Map of the official language forms of Norwegian municipalities as of 2007, with Nynorsk in cyan, Bokmål in orange, and neutral in grey

Bokmål has a much larger basis in the cities and generally outside of the western part of the country. Most Norwegians do not speak either Nynorsk or Bokmål as written, but a Norwegian dialect that identifies their origins. Nynorsk shares many of the problems that minority languages face.

In Norway, each municipality and county can choose to declare either of the two language standards as the official language or remain "standard-neutral". As of 2020, 90 municipalities had declared Nynorsk the official standard, while 118 had chosen Bokmål; another 148 were "neutral" between the two, numbers that have been stable since the 1970s. As for counties, three have declared Nynorsk as their official standard: Møre og Romsdal, Telemark and Vestland. Most municipalities in Rogaland and a few in the "standard-neutral" counties have declared Nynorsk as their official standard. Ålesund Municipality was the largest municipality with Nynorsk as its official language form, until the area of the old Haram Municipality (a Nynorsk-majority area) was separated from the rest of the municipality from 1 January 2024, and the remaining Ålesund Municipality opted for "standard-neutrality".

The main standard used in primary schools is decided by referendum within the local school district. The number of school districts and pupils using primarily Nynorsk has decreased from its height in the 1940s, even in Nynorsk municipalities. Nynorsk is also part of the school curriculum in high school and elementary school for all students in Norway, where students are taught to write it.

The prevailing regions for Nynorsk are the rural areas of the western counties of Rogaland, Vestland and Møre og Romsdal, where an estimated 90% of the population writes Nynorsk. Some of the rural parts of Innlandet, Buskerud, Telemark and Agder also write primarily in Nynorsk. In the Sunnmøre region of Møre og Romsdal, all municipalities (except the Bokmål-majority Ålesund) have stated Nynorsk as the official standard. In Vestland, almost all municipalities have declared Nynorsk as the official standard – Bergen Municipality and Askøy Municipality being the only two exceptions.

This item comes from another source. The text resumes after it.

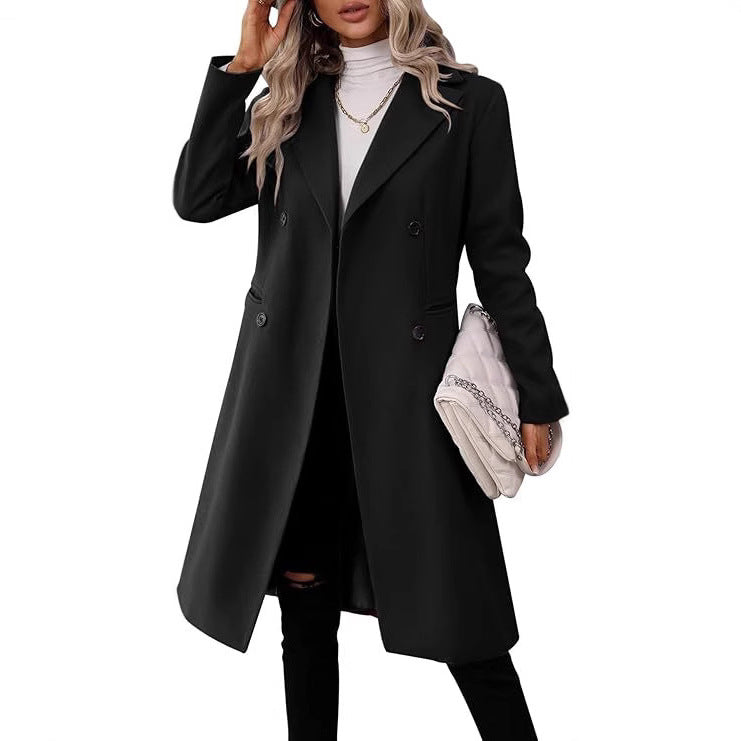 Autumn And Winter New Women’s Clothing Long Woolen Coat Women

== Status of the language form ==
Written Nynorsk is found in all the same types of places and for the same uses (newspapers, commercial products, computer programs, etc.) as other written languages. Most of the biggest newspapers in Norway have certain articles written in Nynorsk, like VG and Aftenposten, but are mainly Bokmål. There are also nationwide newspapers where Nynorsk is the only Norwegian-language form of publication, among them are Dag & Tid and Framtida.no. Many local newspapers have also chosen Nynorsk as the only language form of publication, like Firdaposten, Hallingdølen, Hordaland and Bø blad. Many newspapers are also officially neutral, conforming to either Nynorsk or Bokmål in an article as they see fit, like Klassekampen and Bergens Tidende. Commercial products produced in the Nynorsk areas of Norway are also often distributed with Nynorsk text, like types of Gamalost. Many computer programs and apps that serve the whole country often present a choice between Bokmål and Nynorsk, especially those produced by the Norwegian government.

There are also requirements by law that many Norwegian institutions have to follow. These laws are in order to keep Nynorsk and Bokmål as equals, which has been seen as an important case since the creation of the language forms. For instance the State-owned broadcaster NRK is required by law to have at least 25% of their content on broadcast and online media in Nynorsk. There is also a requirement for state organs and universities to have content written in Nynorsk. Every student in the country should be presented the opportunity to take their exam in either Nynorsk or Bokmål.

== Spoken Nynorsk ==
Nynorsk is first and foremost a written language form but it does appear as a spoken language. Spoken Nynorsk is often referred to as normed Nynorsk speech. Bokmål speech in Eastern Norway often conforms to Urban East Norwegian, whereas Bokmål speech in Bergen and Trondheim is called pen-bergensk (lit. fine Bergenish) and pen-trøndersk (lit. fine Trondheimish), respectively. Normed Nynorsk speech is mostly used in scripted contexts, like news broadcasts from television stations, such as NRK and TV2. It's also widely used in theaters, like Det Norske Teatret and by teachers. Since the 1970s, the motto of the Nynorsk movement has largely been "speak dialect, write Nynorsk", which has marginalized the use of normed Nynorsk speech to mainly scripted contexts. This is in contrast to the normed Bokmål speech which many speakers use in all social settings. Outside of scripts, it is quite common to rather speak a Norwegian dialect. Compared to many other countries, dialects have a higher social status in Norway and are often used even in official contexts. At the same time, it is not uncommon for dialect speakers to use a register closer to the Nynorsk writing standard when deemed suitable, especially in formal contexts.

==Grammar==

Nynorsk is a North Germanic language, close in form to both Icelandic and the other form of written Norwegian (Bokmål). Nynorsk grammar is closer in grammar to Old West Norse than Bokmål is, as the latter was influenced by Danish.

===Nouns===
Grammatical genders are inherent properties of nouns, and each gender has its own forms of inflection.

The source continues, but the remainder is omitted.